Problem to solve: Each entry that follows should be retyped exactly.

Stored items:
━━━━━━━━━━

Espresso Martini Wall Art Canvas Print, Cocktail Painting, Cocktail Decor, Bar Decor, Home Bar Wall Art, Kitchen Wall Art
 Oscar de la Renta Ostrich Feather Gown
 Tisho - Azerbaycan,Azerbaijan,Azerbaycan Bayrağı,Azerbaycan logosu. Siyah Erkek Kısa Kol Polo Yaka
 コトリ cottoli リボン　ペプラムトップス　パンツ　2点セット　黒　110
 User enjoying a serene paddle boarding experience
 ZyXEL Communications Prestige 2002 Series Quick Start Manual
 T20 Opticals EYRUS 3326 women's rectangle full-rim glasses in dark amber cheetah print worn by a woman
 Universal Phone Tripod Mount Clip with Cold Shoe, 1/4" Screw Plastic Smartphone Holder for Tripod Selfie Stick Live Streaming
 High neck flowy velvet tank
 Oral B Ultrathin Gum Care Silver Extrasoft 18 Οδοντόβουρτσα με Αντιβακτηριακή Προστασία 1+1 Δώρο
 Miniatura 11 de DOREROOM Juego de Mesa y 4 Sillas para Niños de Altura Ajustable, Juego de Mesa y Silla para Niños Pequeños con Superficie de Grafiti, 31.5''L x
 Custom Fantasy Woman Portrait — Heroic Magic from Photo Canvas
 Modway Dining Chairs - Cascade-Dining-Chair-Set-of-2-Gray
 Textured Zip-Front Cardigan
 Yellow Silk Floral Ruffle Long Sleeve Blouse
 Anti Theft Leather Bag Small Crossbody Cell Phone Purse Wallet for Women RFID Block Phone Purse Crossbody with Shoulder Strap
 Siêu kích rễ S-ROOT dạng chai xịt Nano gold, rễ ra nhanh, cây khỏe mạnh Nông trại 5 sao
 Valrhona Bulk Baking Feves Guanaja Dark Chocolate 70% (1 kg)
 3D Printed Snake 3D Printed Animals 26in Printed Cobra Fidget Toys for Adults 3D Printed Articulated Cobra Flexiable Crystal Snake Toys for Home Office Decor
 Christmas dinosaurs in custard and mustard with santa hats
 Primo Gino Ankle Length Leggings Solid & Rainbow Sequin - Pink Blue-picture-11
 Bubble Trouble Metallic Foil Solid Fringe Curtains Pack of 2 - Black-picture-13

━━━━━━━━━━

Response for this exercise:
Espresso Martini Wall Art Canvas Print, Cocktail Painting, Cocktail Decor, Bar Decor, Home Bar Wall Art, Kitchen Wall Art
 Oscar de la Renta Ostrich Feather Gown
 Tisho - Azerbaycan,Azerbaijan,Azerbaycan Bayrağı,Azerbaycan logosu. Siyah Erkek Kısa Kol Polo Yaka
 コトリ cottoli リボン　ペプラムトップス　パンツ　2点セット　黒　110
 User enjoying a serene paddle boarding experience
 ZyXEL Communications Prestige 2002 Series Quick Start Manual
 T20 Opticals EYRUS 3326 women's rectangle full-rim glasses in dark amber cheetah print worn by a woman
 Universal Phone Tripod Mount Clip with Cold Shoe, 1/4" Screw Plastic Smartphone Holder for Tripod Selfie Stick Live Streaming
 High neck flowy velvet tank
 Oral B Ultrathin Gum Care Silver Extrasoft 18 Οδοντόβουρτσα με Αντιβακτηριακή Προστασία 1+1 Δώρο
 Miniatura 11 de DOREROOM Juego de Mesa y 4 Sillas para Niños de Altura Ajustable, Juego de Mesa y Silla para Niños Pequeños con Superficie de Grafiti, 31.5''L x
 Custom Fantasy Woman Portrait — Heroic Magic from Photo Canvas
 Modway Dining Chairs - Cascade-Dining-Chair-Set-of-2-Gray
 Textured Zip-Front Cardigan
 Yellow Silk Floral Ruffle Long Sleeve Blouse
 Anti Theft Leather Bag Small Crossbody Cell Phone Purse Wallet for Women RFID Block Phone Purse Crossbody with Shoulder Strap
 Siêu kích rễ S-ROOT dạng chai xịt Nano gold, rễ ra nhanh, cây khỏe mạnh Nông trại 5 sao
 Valrhona Bulk Baking Feves Guanaja Dark Chocolate 70% (1 kg)
 3D Printed Snake 3D Printed Animals 26in Printed Cobra Fidget Toys for Adults 3D Printed Articulated Cobra Flexiable Crystal Snake Toys for Home Office Decor
 Christmas dinosaurs in custard and mustard with santa hats
 Primo Gino Ankle Length Leggings Solid & Rainbow Sequin - Pink Blue-picture-11
 Bubble Trouble Metallic Foil Solid Fringe Curtains Pack of 2 - Black-picture-13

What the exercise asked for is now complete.